Babamın bir oğlu varmış o kadından, bir yaş küçük benden! Bu yıl üniversiteye başlamış o da benim gibi! Ben geç başlıyorum ne yazık ki! Annemin demesine onun oğlu değil sanırım, tabii bilmiyoruz. Elif yani babamın eski eski karısı ölmüş. Mehmet amca öldürdü. Evet Mehmet amca diyorum. Biliyorum anneme tecavüz eden bir piç ama biz onun sayesinde böyle varlıklıyız yoksa annem bize bakamazdı. Anneme iş buldu, Ayşenil teyze ve annem aynı şirette çalışıyorlardı. İin aslı annem Ayşenil teyzenin genel asistanıydı. Mehmet amca tehlikeli adam silahlı bir çatışmada yarlandı. O İngiltere'de kaldı. Gelecekmiş!

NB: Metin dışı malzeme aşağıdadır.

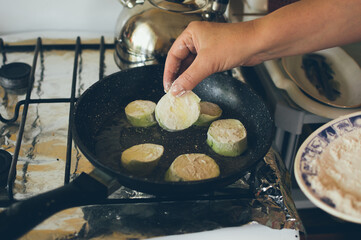 Hands fry green zucchini in flour in frying pan on gas stove
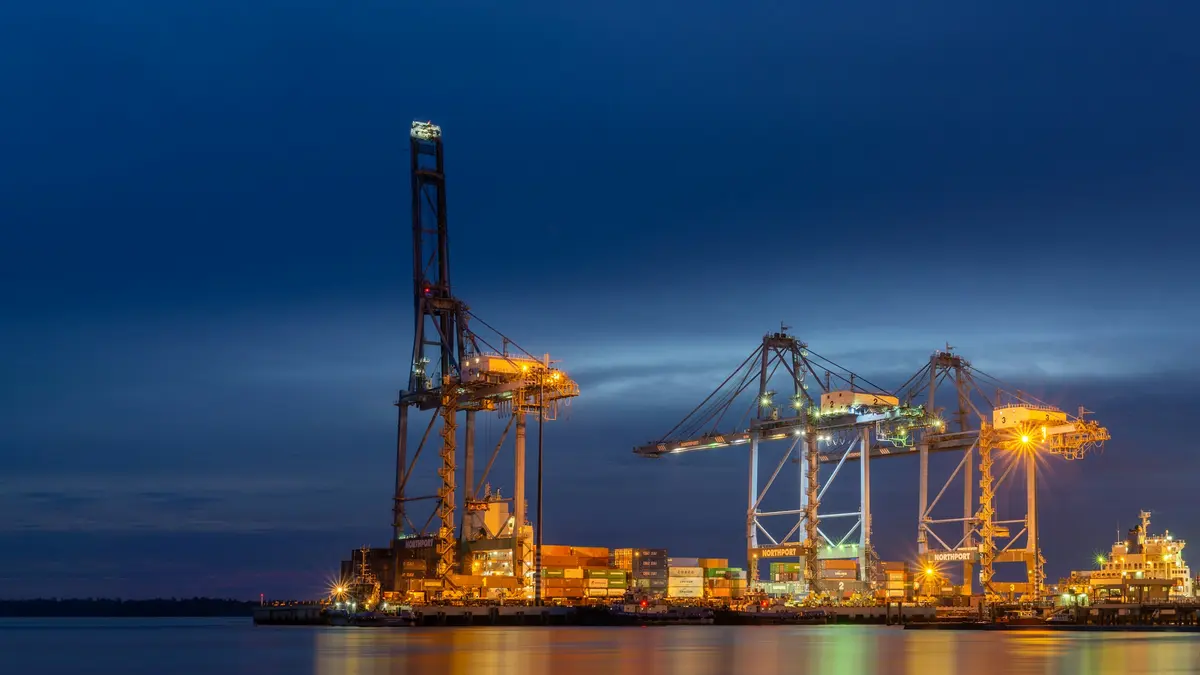 Container cranes at a port, after dark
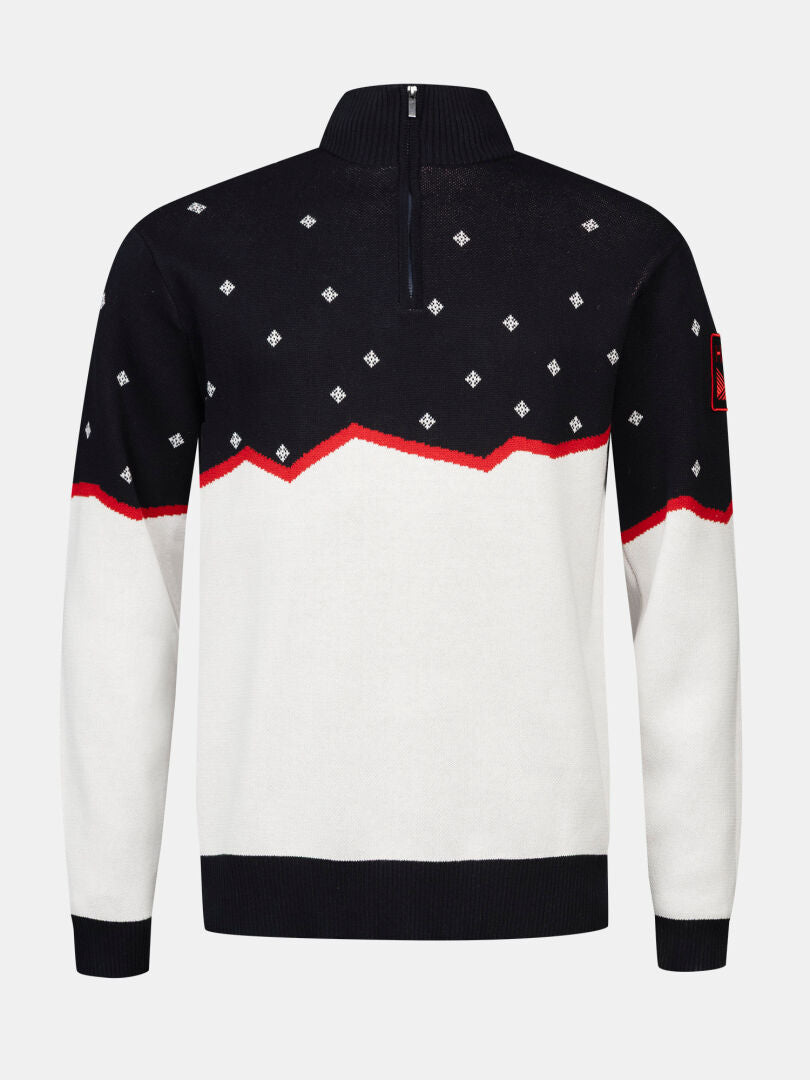 Der Halti Tauko Unisex-Pullover besticht durch seine schwarz-weiße Farbkombination sowie rote Zickzack- und Rautenmuster, die ihm einen unverwechselbaren Stil verleihen.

Anne kız olarak aramızda gizlimiz saklımız yoktur. Müslüman olmama rağmen bakire değilim mesela. Annem de bilir bunu! Nasıl oldu derseniz? İngiltere orası uydum ordakilerin aklına, sevgilime verdim kendimi! Pişman mıyım? Biraz, nasıl uydum onların aklına diye hep düşünürüm!

Şuan da odaklanmam gereken tek şey. Üniversitem ve babam! Evet iki şey oldu. Bu iki şey benim için gerçekten çok önemli! Babamı bulup ona kendimi göstermem! O çocukla yaşıyormuş, -tahminen- onun oğlu olmamasına rağmen kendi soyadını ona vermiş! Annem dokuz yıl öncesine görüşürdü babamla! Ne olduysa birgün bıraktı o işi!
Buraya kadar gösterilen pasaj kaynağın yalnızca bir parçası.